[Collected data — start]

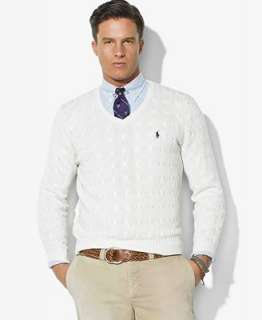 Polo Ralph Lauren Sweater, Cable Knit V Neck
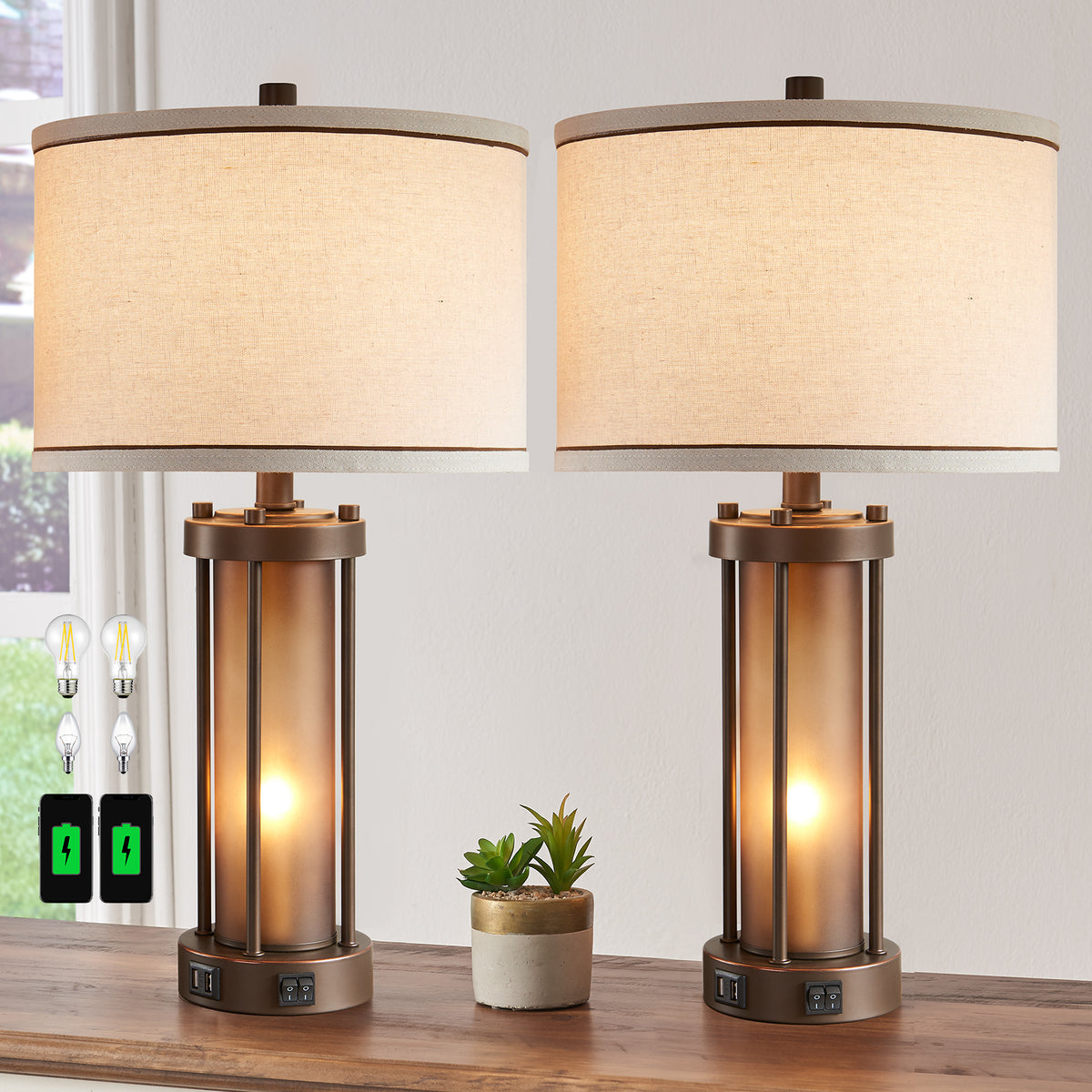 RORIA 24”Living Room Table Lamps Set of 2, Modern Farmhouse-Style Bedside Lamps, Featuring Dual USB-C&A Charging Ports and a Night Light Function, for Bedroom Nightstands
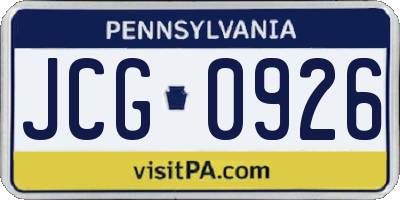 PA license plate JCG0926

[Collected data — finish]

- **Work task**
Please return the lines from the line with "for Bedroom Nightstands" through the last line of the data, both included, exactly, and without pictures.

- **Worked solution**
 RORIA 24”Living Room Table Lamps Set of 2, Modern Farmhouse-Style Bedside Lamps, Featuring Dual USB-C&A Charging Ports and a Night Light Function, for Bedroom Nightstands
 PA license plate JCG0926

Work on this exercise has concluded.